→ Problem to work on: Leave out the pictures, and retype the remaining data exactly.

→ Given information:
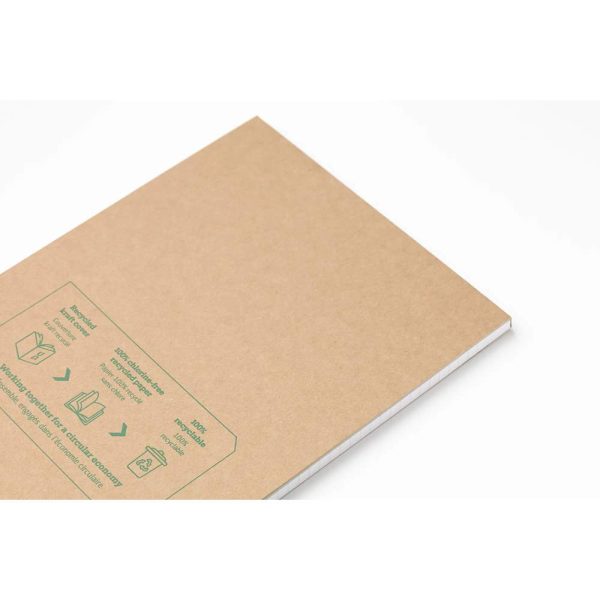 Bloc r&eacute;cycl&eacute; agraf&eacute; en-t&ecirc;te Uninotes A4+ 140 pages d&eacute;tachables perfor&eacute; 4 trous lign&eacute; + marge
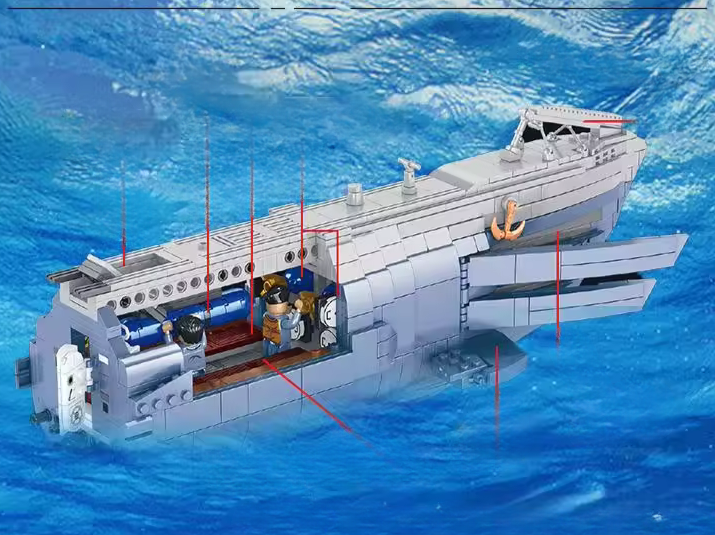 WWII - German Type VIIC U-Boat Submarine - Legendary Series - Mil-Blox - Mil-Blox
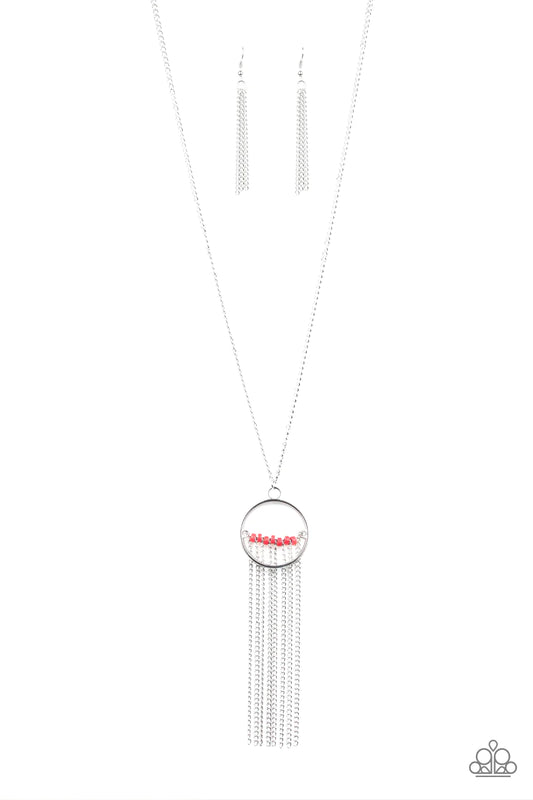 Terra Tassel - Red Necklace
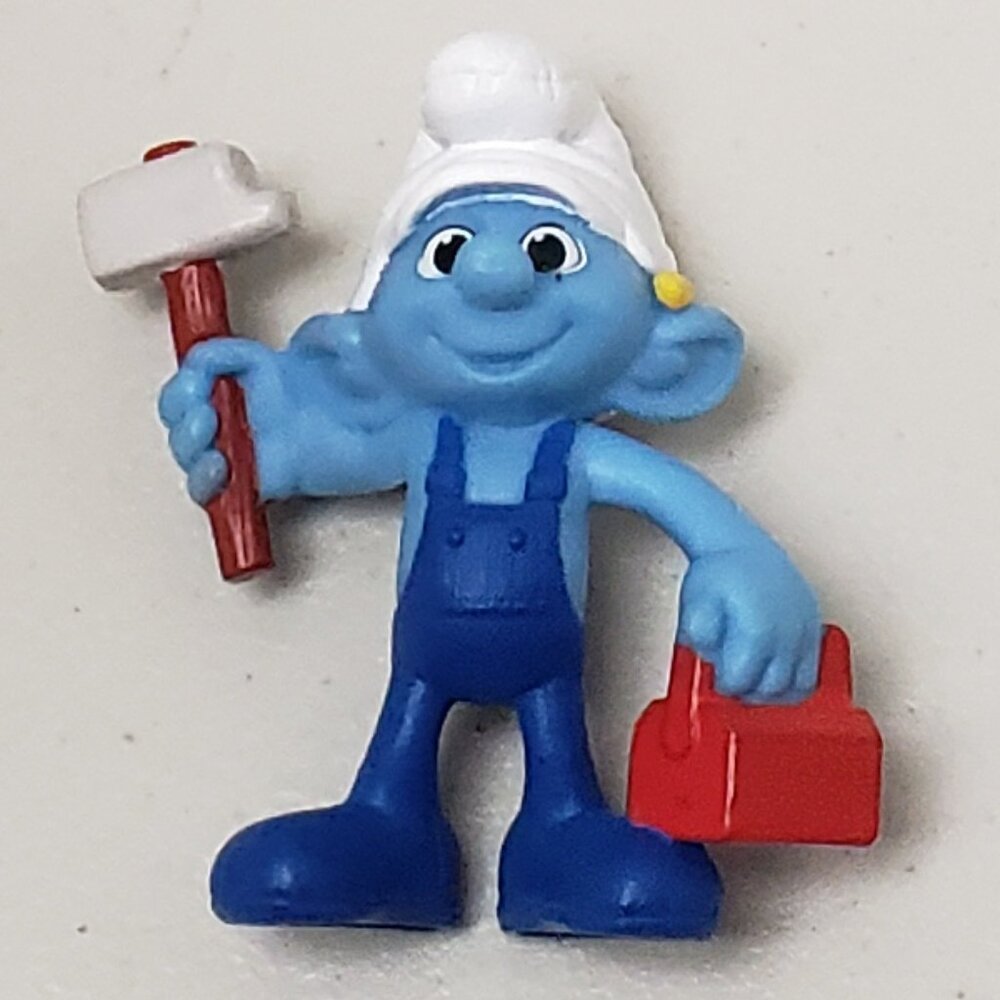 The Smurfs 2 McDonald's Toy Handy Smurf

→ Output below:
 Bloc r&eacute;cycl&eacute; agraf&eacute; en-t&ecirc;te Uninotes A4+ 140 pages d&eacute;tachables perfor&eacute; 4 trous lign&eacute; + marge
 WWII - German Type VIIC U-Boat Submarine - Legendary Series - Mil-Blox - Mil-Blox
 Terra Tassel - Red Necklace
 The Smurfs 2 McDonald's Toy Handy Smurf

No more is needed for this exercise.